Crawled caption data:
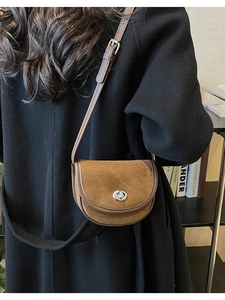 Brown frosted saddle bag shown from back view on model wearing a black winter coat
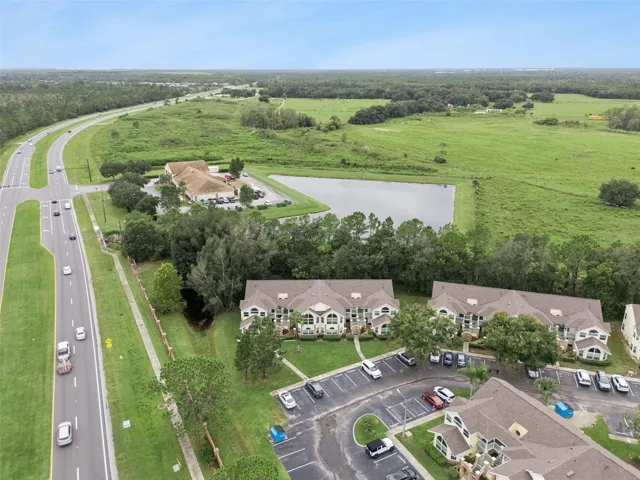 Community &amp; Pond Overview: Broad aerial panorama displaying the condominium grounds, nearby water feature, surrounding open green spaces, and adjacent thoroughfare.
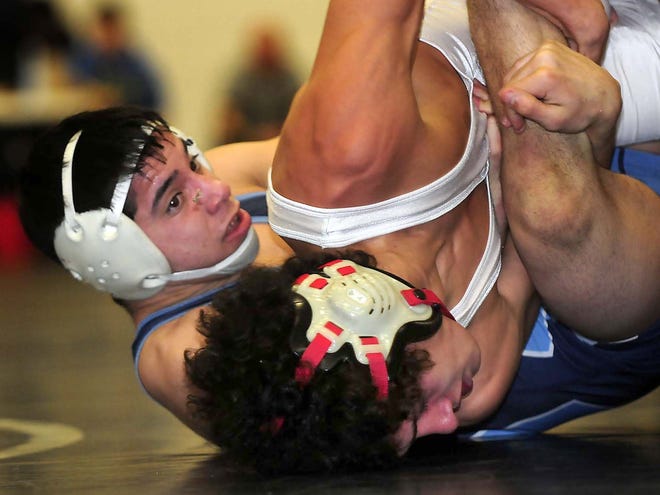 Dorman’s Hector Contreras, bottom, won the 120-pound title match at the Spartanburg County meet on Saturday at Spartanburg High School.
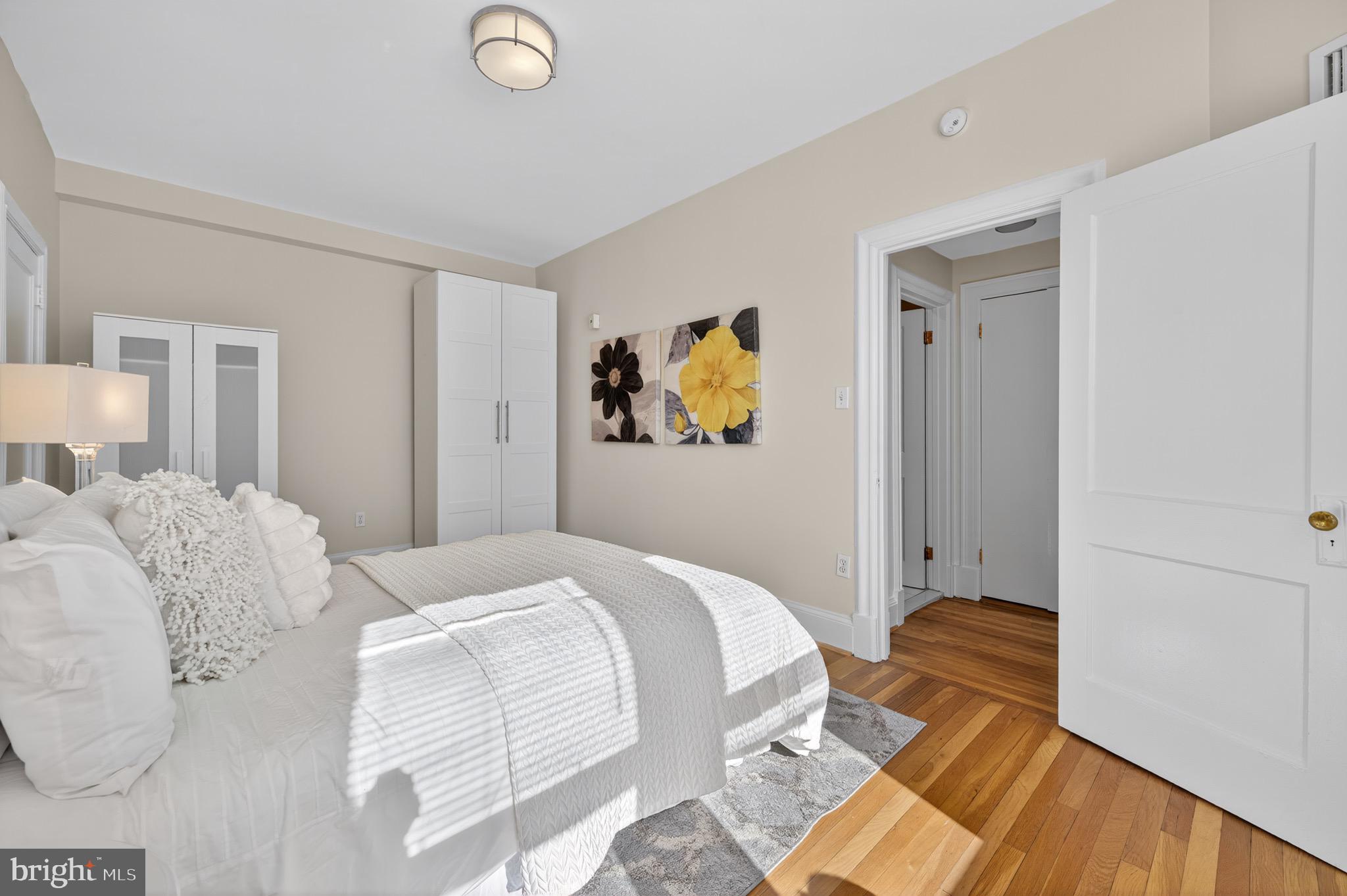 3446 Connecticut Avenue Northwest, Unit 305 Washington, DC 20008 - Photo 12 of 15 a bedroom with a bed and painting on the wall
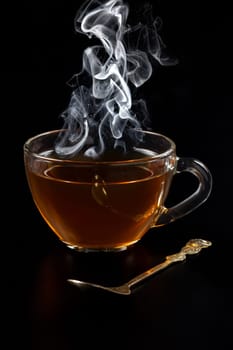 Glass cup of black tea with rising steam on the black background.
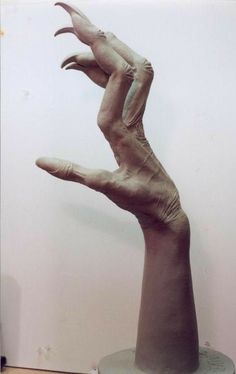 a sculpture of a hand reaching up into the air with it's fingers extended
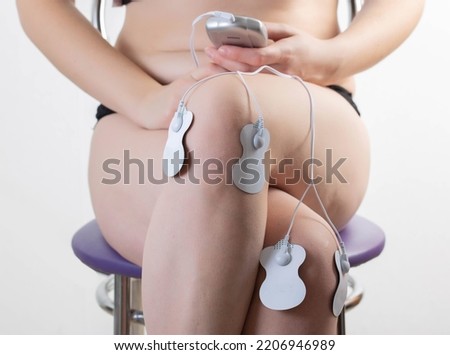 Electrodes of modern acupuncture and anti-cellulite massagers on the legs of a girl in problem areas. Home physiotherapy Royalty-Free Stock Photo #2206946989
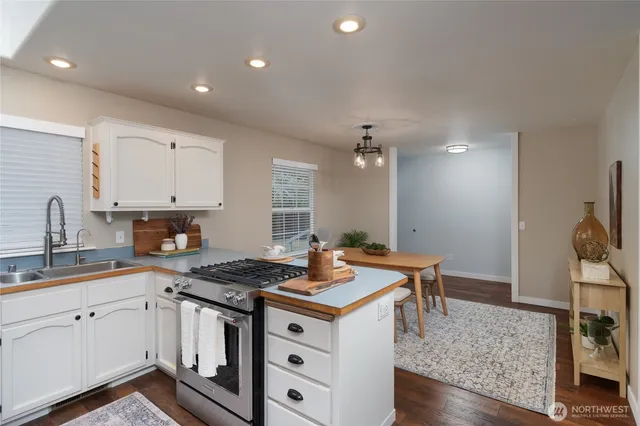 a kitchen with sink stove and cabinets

• [WORK TASK] Repeat all of the entries above word for word and omit the pictures.

• [EXERCISE RESPONSE]
 Brown frosted saddle bag shown from back view on model wearing a black winter coat
 Community &amp; Pond Overview: Broad aerial panorama displaying the condominium grounds, nearby water feature, surrounding open green spaces, and adjacent thoroughfare.
 Dorman’s Hector Contreras, bottom, won the 120-pound title match at the Spartanburg County meet on Saturday at Spartanburg High School.
 3446 Connecticut Avenue Northwest, Unit 305 Washington, DC 20008 - Photo 12 of 15 a bedroom with a bed and painting on the wall
 Glass cup of black tea with rising steam on the black background.
 a sculpture of a hand reaching up into the air with it's fingers extended
 Electrodes of modern acupuncture and anti-cellulite massagers on the legs of a girl in problem areas. Home physiotherapy Royalty-Free Stock Photo #2206946989
 a kitchen with sink stove and cabinets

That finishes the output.